Why it pays to front up and apologize when necessary

Colorado Surgeon Michael Woods found himself being sued for malpractice when a medical student accidentally punctured an artery during an appendectomy. In the end, the appendix was successfully removed, but there were complications and the patient became upset.

Woods took advice from his lawyer who recommended - no response and no interaction between him and the patient.

In court, when the patient was asked why she had chosen to sue she said, “I sued because he acted like what happened to me was no big deal. He just didn’t care.

Woods realized it wasn’t the injury or the outcome that had led to the lawsuit — it was her perception that he didn’t care. It was his failure to offer a sincere apology that caused the suit.

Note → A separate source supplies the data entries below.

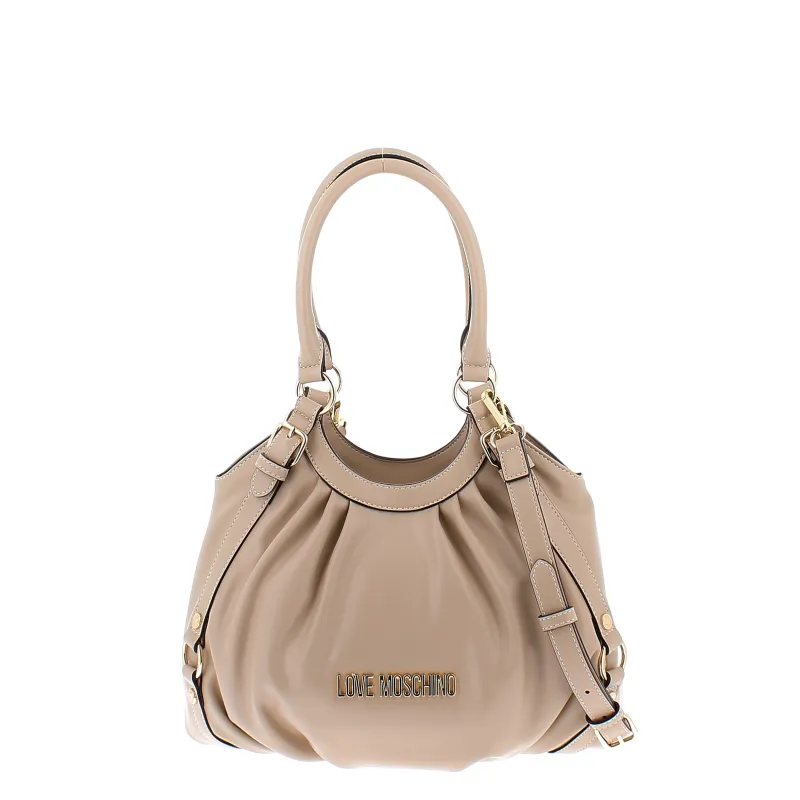 Love Moschino Damentasche mit zwei Griffen und...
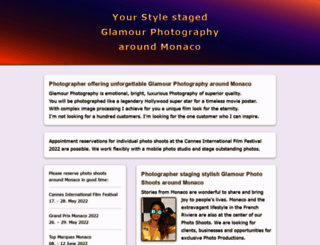 photographer-monaco.com screenshot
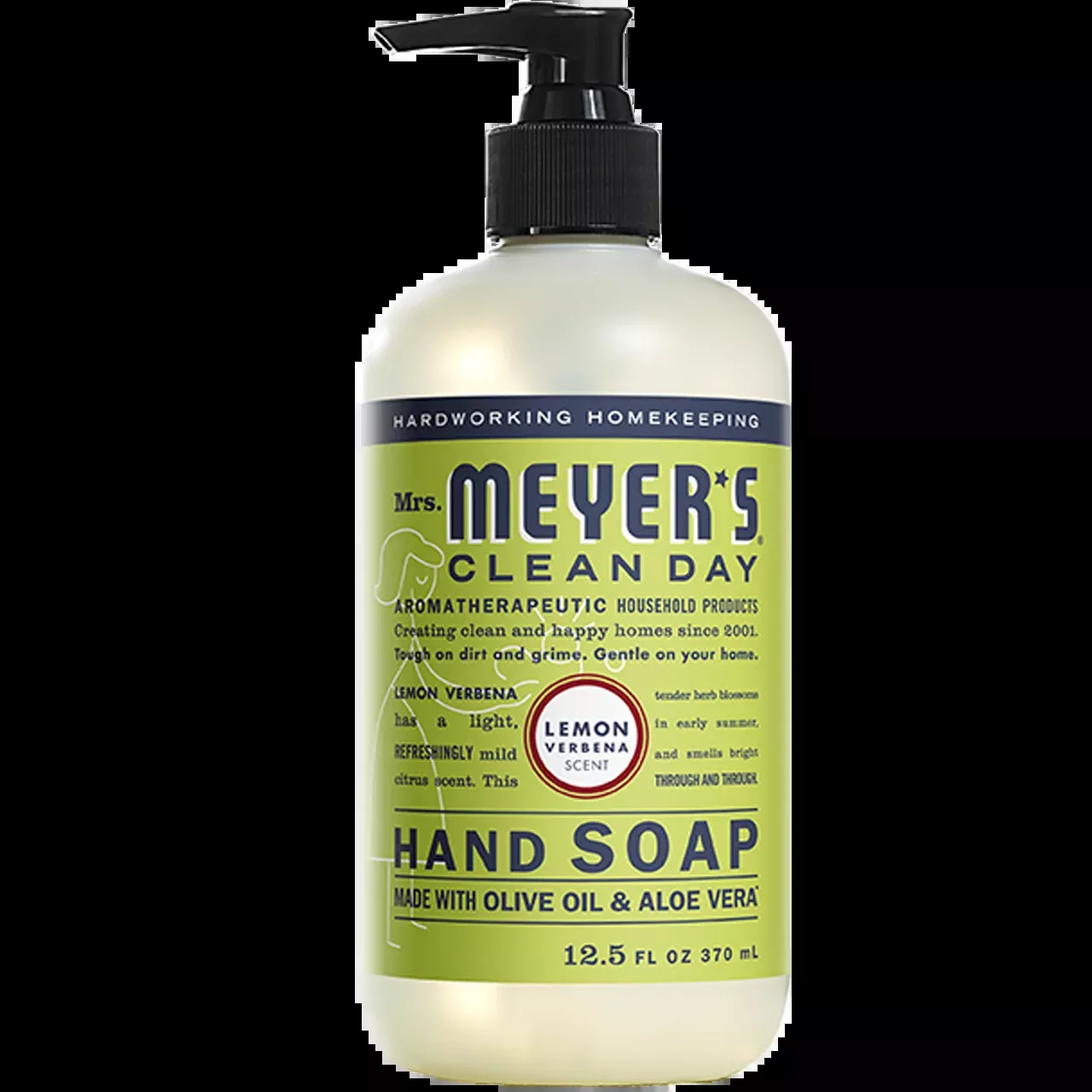 Mrs. Meyer's Lemon Verbena Liquid Hand Soap – 12oz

In his insightful book Healing Words: The Power of Apology in Medicine Woods says,

“The business world has internalized a truth that medicine has yet to discover and embrace. Apology isn’t about money, or being right or wrong - for either the buyer (patient) or the vendor (doctor). It’s about the provider showing respect, empathy, and a commitment to patient satisfaction; and then about those receiving the apology having the grace to see the provider as human and fallible — and worthy of forgiveness.”

Since 2002, hospitals in the University of Michigan Health System have been pushing their doctors to apologize. Their attorney legal fees have dropped by two-thirds and the number of malpractice suits have halved.

Sincere apologies lower emotional temperatures and establish the foundations for a positive, constructive re-engagement.